[Short text fragments from websites]

+ + + + +

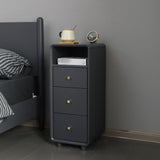 29 "H CONSIGLIO DEI CONSIGLIO CONTANI MODANI IN GAMBE IN LEGNO STRA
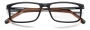Оправа Carrera CARRERA 8883 003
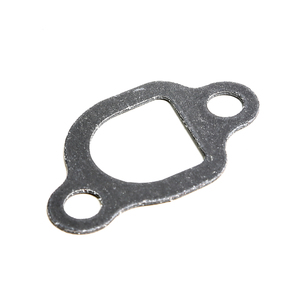 อะไหล่ G200F PAPER WASHER,EXHAUST OPEN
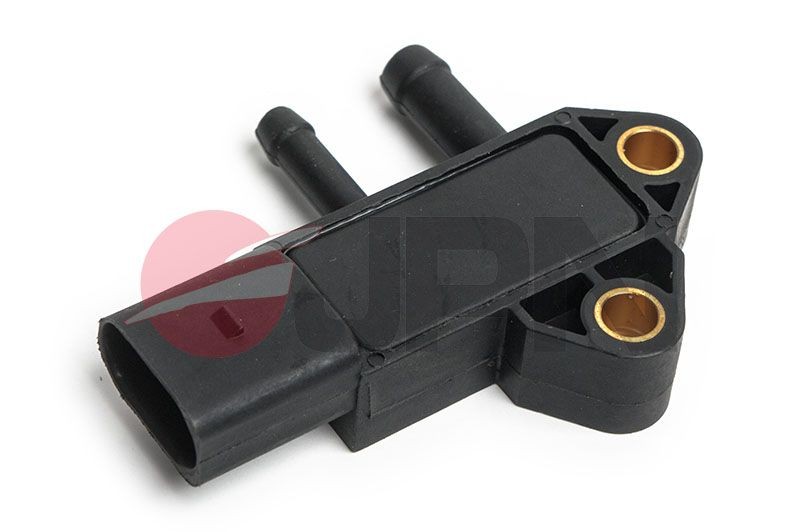 JPN Devējs, Izplūdes gāzu spiediens 75E9152-JPN Devējs izplūdes gāzu spiediens RENAULT JPN 75E9152-JPN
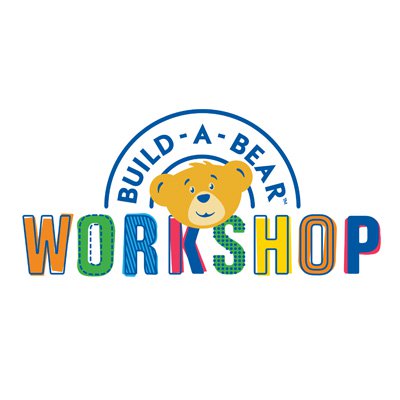 Build-A-Bear Q1 Profit Increases image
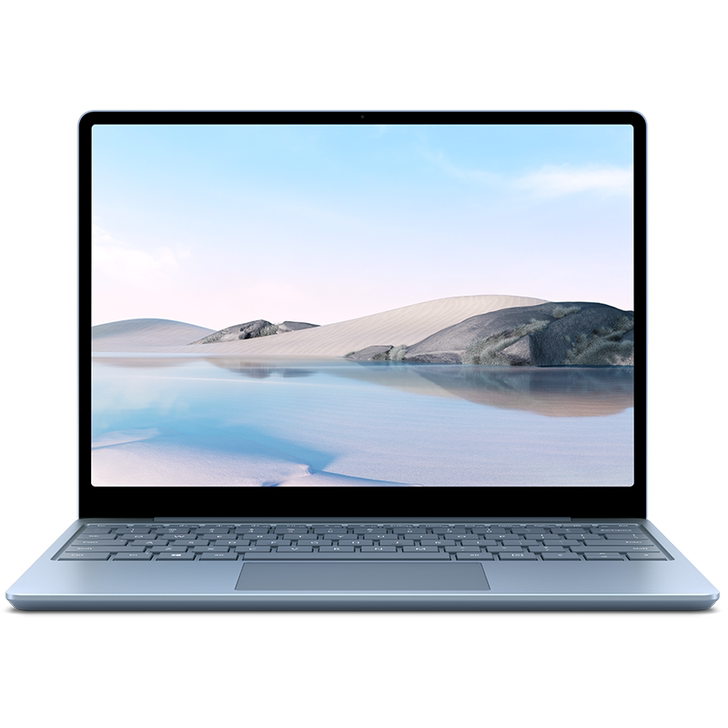 【狂欢价】【24期免息】Microsoft...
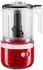 KitchenAid Zerkleinerer 1,2L 5KFCB519
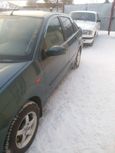  Ford Focus 2003 , 270000 , 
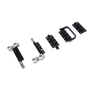Bi-Fold Door Hardware WZDM06(18 Profile)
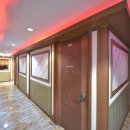 해맞이모텔 이미지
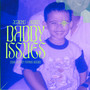 Daddy Issues (was not my father remix) [Explicit]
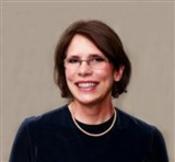 Dr. Elizabeth Ouellette, MD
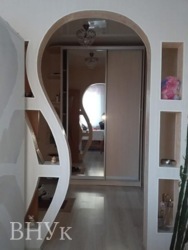 ������� 1-������� �������� � �������� � ������� � ������ ���� 8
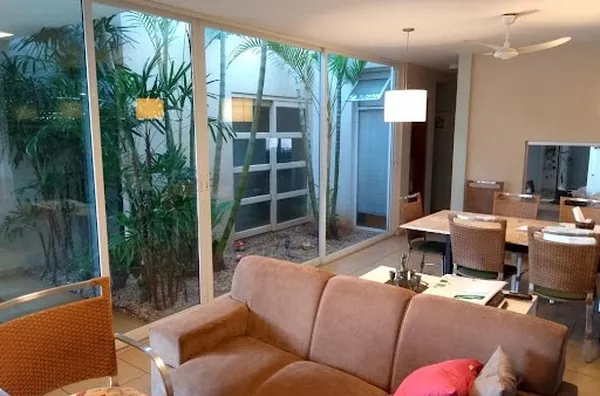 Casa para venda Recreio das Acácias RIBEIRAO PRETO - Foto 4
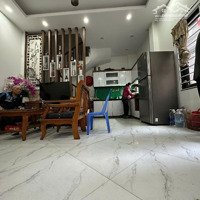 Bán Nhà Thuỵ Phương Bắc Từ Liêm 46M2X5T Giá Bán 6,3 Tỷ - Lô Góc Cực Thoáng-Vài Bước Ô Tô, Bãi Đỗ Xe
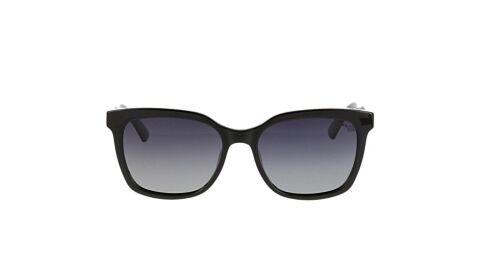 Hawk HW1931 01 Kadın Güneş Gözlüğü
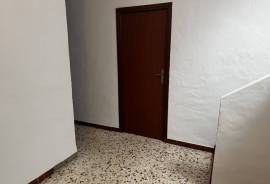 Edge of the Village Townhouse
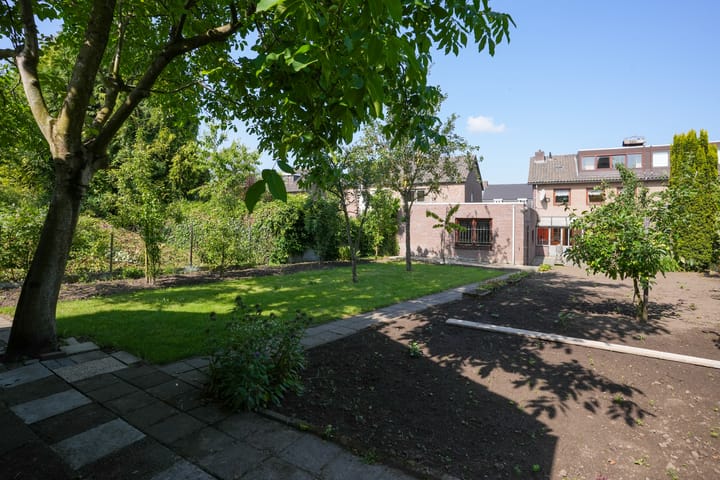 Foto 43 van Spauwenstraat 9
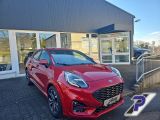 Ford Puma bei Gebrauchtwagen.expert - Abbildung (7 / 15) Ford Puma bei Gebrauchtwagen.expert - Abbildung (7 / 15)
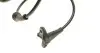 Датчик ABS (передній) Citroen C4 I/Peugeot 307 03-11 (Bosch) (HÜCO) HITACHI 131559 (фото 4)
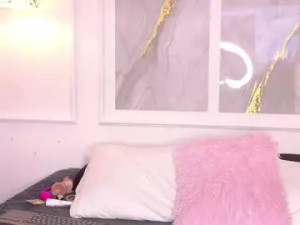 Play this hardcore video called Deboraa_blaze Cam porn model from chaturbate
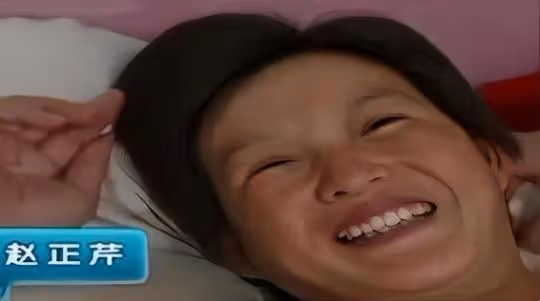 女子剛出月子,竟發現「肚裡還有一子」,醫生:當時明明只有一個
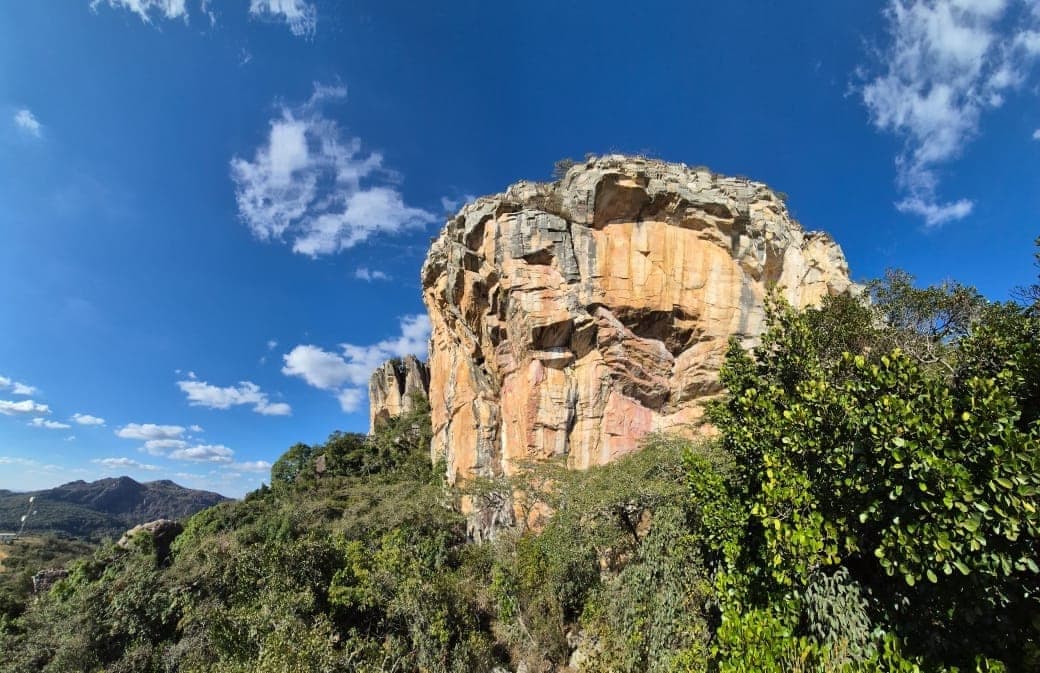 Una aventura inesperada en São João del-Rei — foto 10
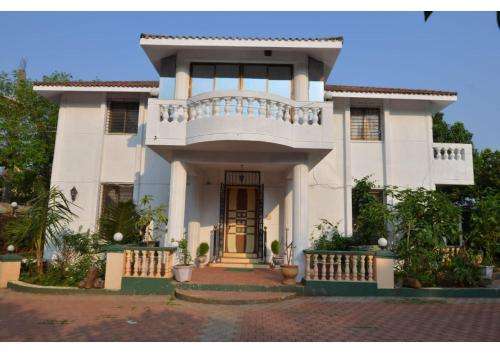 www.vresorts.in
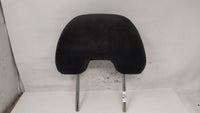 2005 Honda Accord Headrest Head Rest Rear Center Seat Gray - Oemusedautoparts1.com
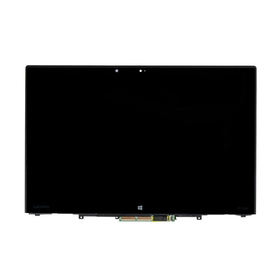 Lenovo x1 Yoga 1920x1080 14.0" - Grade b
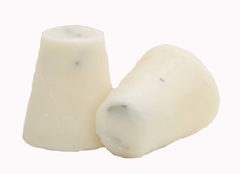 CREMA CORPORAL SOLIDA CLEO CITRON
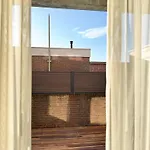 Sille - Private In Apartment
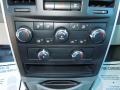 Stone White - Grand Caravan SXT Photo No. 13
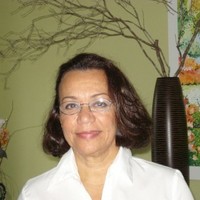 Beatriz Schmid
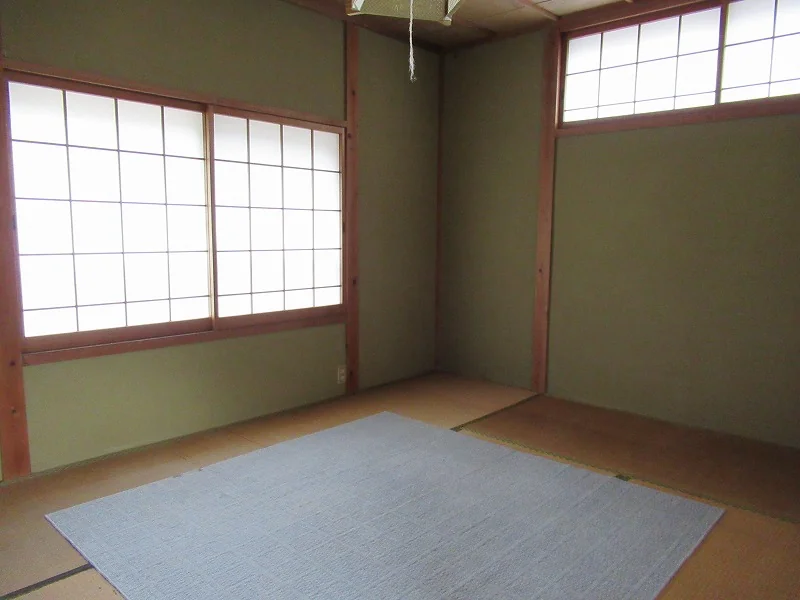 View 9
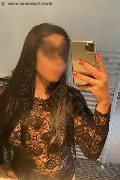 Firenze Trans Diana Ferraz 327 12 87 566 foto selfie 6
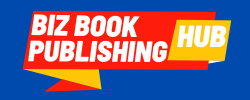 Biz Book Publishing Hub logo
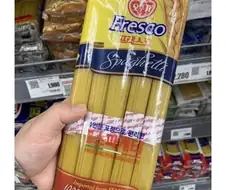 석박사들을 믿지 못한 자의 최후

+ + + + +

▸ Your assignment
Beginning with the line above that contains "Build-A-Bear Q1 Profit Increases image" and finishing with the line that contains "Dr. Elizabeth Ouellette, MD", print those lines exactly and only. Skip all pictures.

▸ Completed task
 Build-A-Bear Q1 Profit Increases image
 【狂欢价】【24期免息】Microsoft...
 KitchenAid Zerkleinerer 1,2L 5KFCB519
  Ford Focus 2003 , 270000 , 
Bi-Fold Door Hardware WZDM06(18 Profile)
 해맞이모텔 이미지
 Daddy Issues (was not my father remix) [Explicit]
 Dr. Elizabeth Ouellette, MD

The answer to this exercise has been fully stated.